§ **TASK TO COMPLETE**
What's needed: every entry, printed exactly, minus the images.

§ **MATERIAL FOR THE TASK**
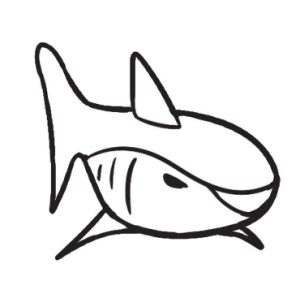 鲨鱼简笔画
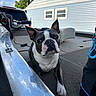 dog, boston_terrier, pet, animal, boat, boat_interior, outdoors, sky, clouds, house, blue_siding, window, portrait, closeup, sitting, black_and_white, pointed_ears, white_chest, collar, daylight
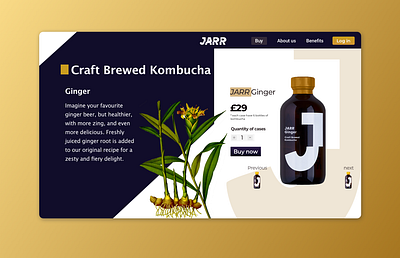kombucha branding design kombucha ui web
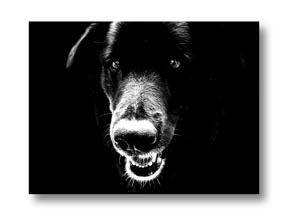 external image Black-and-white-photography-tip-high-contrast.jpg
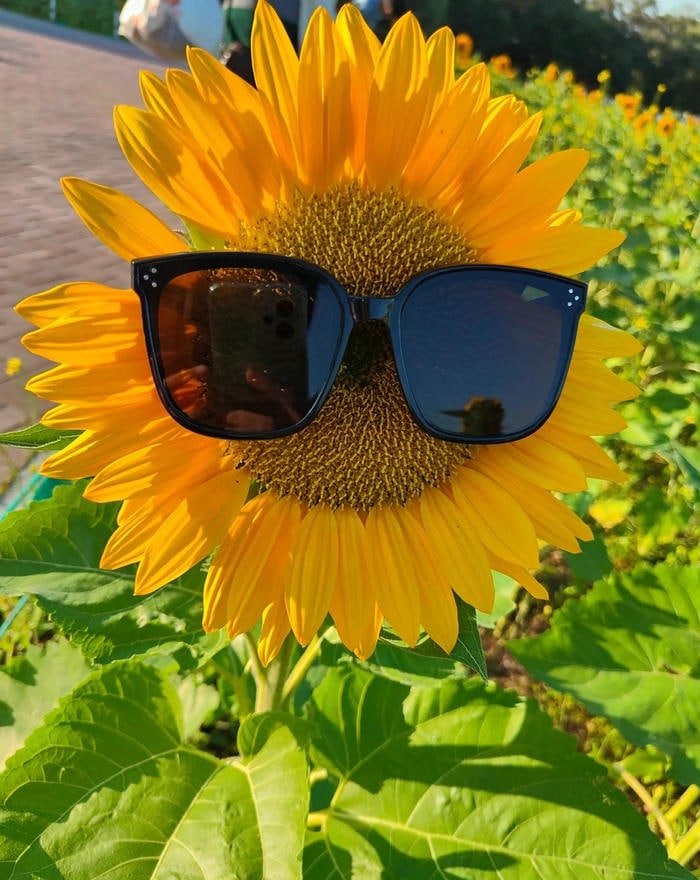 dreamy background design for sunflower pfp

§ **THE ANSWER**
 鲨鱼简笔画
 dog, boston_terrier, pet, animal, boat, boat_interior, outdoors, sky, clouds, house, blue_siding, window, portrait, closeup, sitting, black_and_white, pointed_ears, white_chest, collar, daylight
kombucha branding design kombucha ui web
 external image Black-and-white-photography-tip-high-contrast.jpg
 dreamy background design for sunflower pfp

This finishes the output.